Virtual Environments
Introduction
Virtual environments allow us to execute code while accounting for software/package version differences we have on our local machines. This repo uses virtual environments to configure a user’s R and Python software and packages to the repo’s specific package versions.
For example, say you have dplyr version 2.0 but this repo uses dplyr version 1.1, you may not be able to run the scripts as intended by the author since the functions in dplyr 1.1 may be different than in 2.0. The virtual environment will allow a given user to use only this repo’s version of dplyr so they can run the code as intended.
There are two different virtual environments for this repo, one for R and another for Python. Your workflows for opening R and Python and how you install packages needs to utilize the virtual environments so that all machines are able to use your code.
Python - Conda Environment Setup
This repo has a file named environment.yml
. It contains a list of all packages and versions used for Python software. This file can be used as a set of instructions for your local machine when configuring your local environment.
Step 1: Set Up Anaconda
You should already have Anaconda installed on your machine if not..
under construction
Step 2: Open Anaconda Prompt
You may have different Anaconda prompts (prompts aligned with different shells, like PowerShell, bash, etc). There should be a generic Anaconda prompt. Open that one:
If the first line in the prompt doesn’t start with (base)
, write:
conda deactivate
and it will bring you back to your base environment.
Step 3: Change Directories
Change the directory of the prompt to the repo’s directory. The code is
cd C:/Users/XXXXXXX/Projects/Sequencing_2.0
If you are already in your user directory, you can just type
cd projects/sequencing_2.0
capitalization doesn’t matter
Notice that the folder path is now changed to the sequencing repo folder.
Step 4: Copy the repo env
Now we’re ready to create a new environment based on the repo’s environment.
Type: conda env create --name seq_env --file=environment.yml
Note that how you name your environment doesn’t really matter, but name it something that resembles the repo. This will save the headache of having random environments for random repos that you can’t remember..
conda env create
will create a new environment in yourC:/Users/XXXXX/Anaconda3/envs
file path--name
or-n
will name that environment, in this caseseq_env
--file=environment.yml
this code will take the file in the sequencing 2.0 repo and use it to create this environment.
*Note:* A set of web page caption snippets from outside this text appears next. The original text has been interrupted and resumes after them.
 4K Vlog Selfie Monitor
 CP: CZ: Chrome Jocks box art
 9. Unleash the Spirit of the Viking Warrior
It is essentially a copy of the software versions in the file.
Note: I sped up the gif below. The whole process may take a few minutes
Step 5: Activate the environment
You can switch between environments in the conda prompt or in a programming IDE (or both? idk). To activate and switch the env, write:
conda activate <env_name>
in this case
conda activate seq_env
The environment your in will show on the left of the prompt message. In this case it says (seq_env)
instead of (base)
. That way you know what env your working in
Python - Programming Setup
Now that your virtual conda environment is set up, let’s set up your programming IDE to be able to recognize your environment.
IDE Setup - VS Code
VS Code has a lot built in to use a conda environment. Since your env is already activated, if you have VS Code installed, you can type
code
into the anaconda prompt and it will open a VS Code window
Step 1: Select a Python Interpreter
First we need to select a python interpreter, which is in our env. On your keyboard, press
CTRL+SHIFT+P
This should bring up a window with an option that says Python: Select Interpreter
. You may need to search for it.
Click it and you should see your new environment seq_env
in the list. Click it
Step 2: Write code
Now your VS Code is using your environment and the python version/packages in that environment. Check to see that your terminal is using the correct env.
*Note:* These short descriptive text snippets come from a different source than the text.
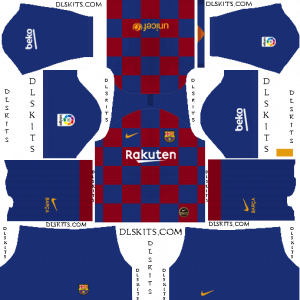 Fc barcelona all new kits 2019 hot sale for dream league soccer 2019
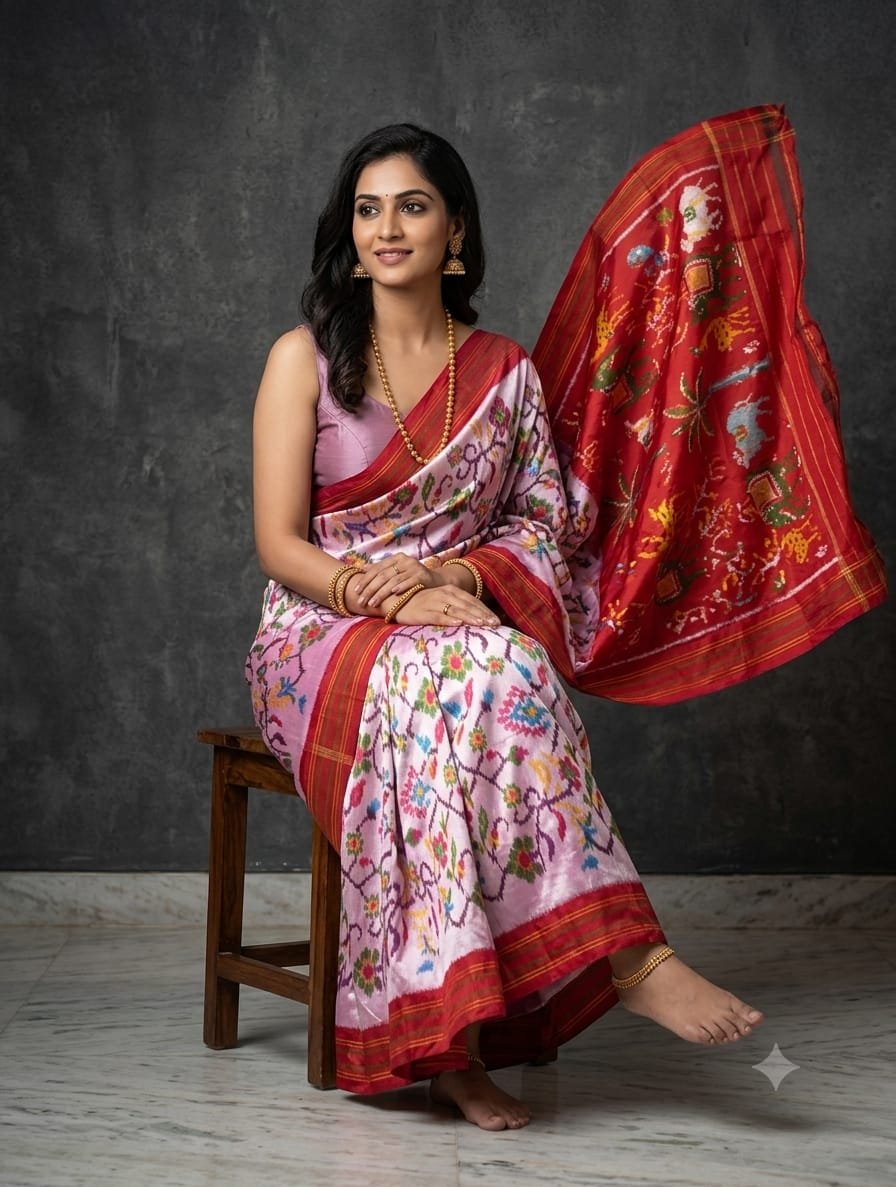 Designer Ikat - PRIHL18-IDSSIZBDD-05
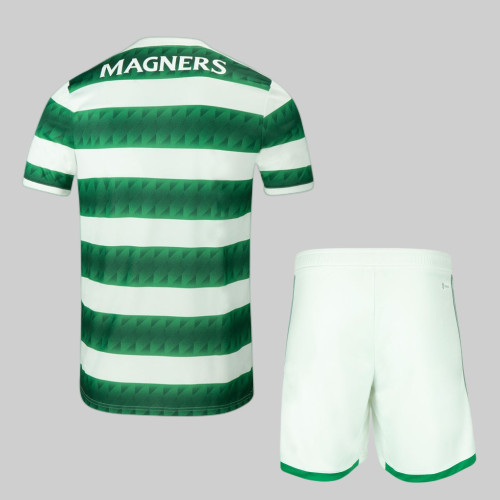 Celtic 22/23 Home Jersey and Short Kit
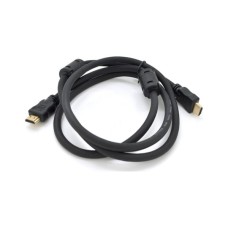 Кабель мультимедійний HDMI M to HDMI M 1.5m V1.4 4K black Ritar (HDMI(M)/(M)V1.4-1.5m-348P)
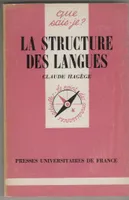 Structure des langues (la)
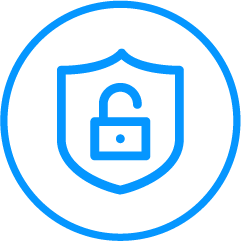 Security lock icon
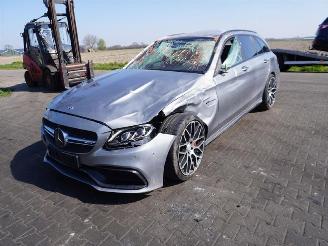 Mercedes C-klasse Estate C-63 S AMG 4.0 V8 Biturbo picture 3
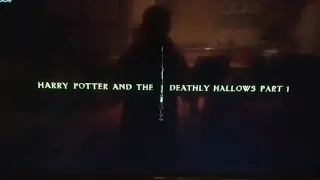 Harry Potter and the Deathly Hallows Part 1 end credits TV version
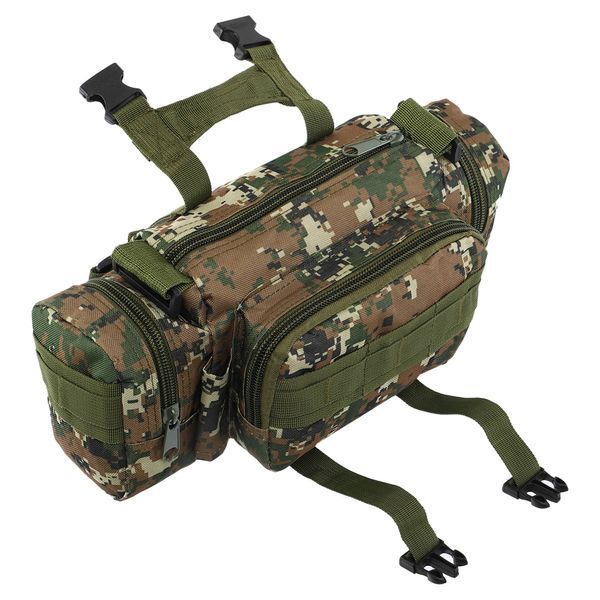 Подсумок тактический SP-Sport ZK-12 размер 35x15x17см 9л цвета в ассортименте ZK-12 фото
Open the terminal (terminal > new terminal) and confirm that you are in a cmd prompt in the terminal. On the right side of the terminal it should say cmd
. If it says powershell
or something else, let’s change it.. See the pic below. There’s a drop down that gives you shell types. Change your default to Command Prompt
Also notice in the picture that my environment now switches to seq_env
. Yours should do the same. You should now be able to run code in a python script. Notice that your terminal will change to run python. If you get an error, write python
in the terminal and hit enter. It will change your terminal a little. Now you can run python code and it will output to this terminal.
IDE Setup - PyCharm
PyCharm also works great with a conda environment.
Step 1: Select a Python Interpreter
You may also be able to open a PyCharm window from an Anaconda prompt like with VS Code (if it’s installed in your env). To do so, write pycharm
in the prompt and it should open a new window with the env activated.
If that doesn’t work, open PyCharm and on the bottom right there is a python version and interpreter selected. Click it and open “Add New Interpreter” > “Add local interpreter”. This opens a new window. Click “Conda Environment” and under “Interpreter” click the dropdown. You should be able to see your new environment there. If not, click away and click the dropdown again. It’s weird sometimes.
Then click okay. Close and reopen the Python Console window and it should have your environment path for the python.exe. Also, the Python Libraries window should have all of the libraries in your environment now.
Notice that now there are a list of interpreters for you to use. You can now switch back and forth between environments. This is great if you have other repos to use or want to test out new packages that aren’t in the main environment.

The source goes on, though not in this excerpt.